23.09.2014, 08:32 Uhr

Österreich spürt die Folgen des Klimawandels

Hamburg - Der Klimawandel ist überall zu spüren. Eine umfangreiche Studie belegt nun, dass Österreich stärker betroffen ist als andere Länder. Dies macht sich bei der Temperaturentwicklung, aber auch bei der Anzahl der extremen Wettersituationen bemerkbar. 240 Wissenschaftler waren an der Untersuchung beteiligt.

Nach dreijährigen Untersuchungen ist eine Studie vom Austrian Panel on Climate Change (APCC) veröffentlicht worden: Etwa 240 österreichische Wissenschaftler waren an dem 1.100 Seiten starken Werk beteiligt. Danach ist der Temperaturanstieg in Österreich besonders ausgeprägt.

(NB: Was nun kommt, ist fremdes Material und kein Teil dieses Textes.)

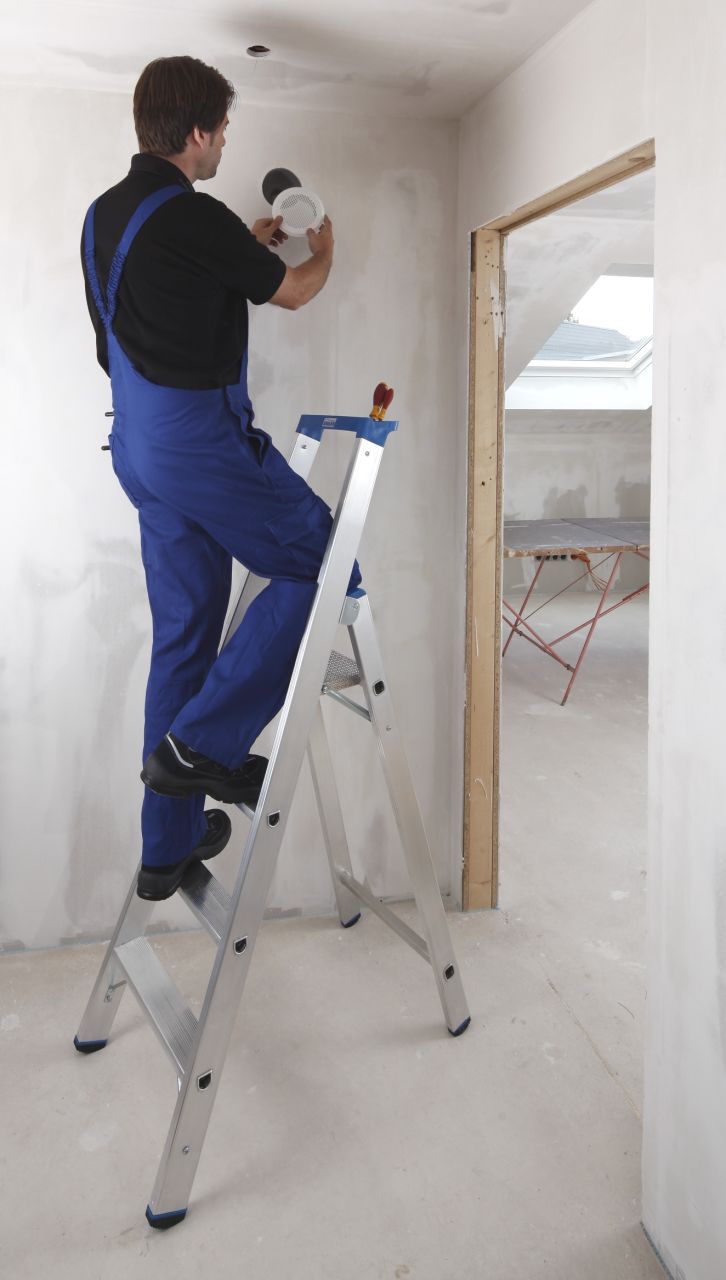 STABILO Lépcsőfokos állólétra, 1x4 lépcsőfok - Image 6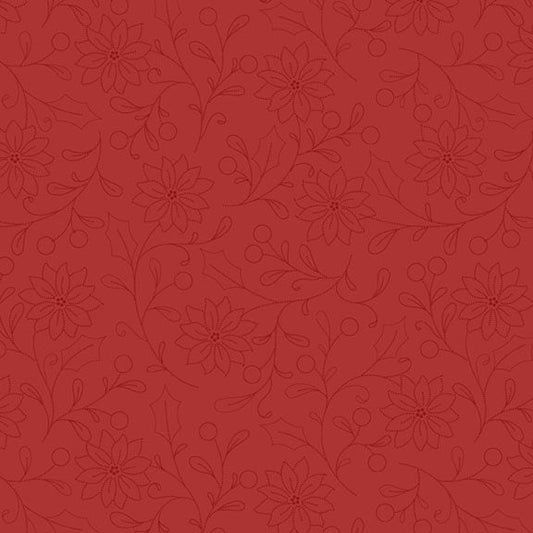 Make it Merry - Dotted Floral Red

Österreich: Doppelt so starker Temperaturanstieg

Beim Temperaturanstieg ist Österreich laut Studie doppelt so stark betroffen wie der globale Durchschnitt. Seit 1880 stieg die Temperatur dort um fast zwei Grad. Der globale Temperaturanstieg lag in demselben Zeitraum bei 0,85 Grad. Bei der Messung ab 1980 ist die Auswirkung noch dramatischer: Die Temperatur stieg in Österreich im Durchschnitt um ein ganzes Grad, weltweit "nur" ein halbes. Eine anderes Ergebnis der Studie ist, dass die Temperatur bis 2050 im Vergleich zum Zeitraum 1961 bis 1990 im Winter um 1,6 Grad und im Sommer um 1,7 Grad höher ist. Es besteht die Gefahr, dass sich die Temperatur bis zum Ende dieses Jahrhunderts im Durchschnitt um 3,5 Grad erhöht.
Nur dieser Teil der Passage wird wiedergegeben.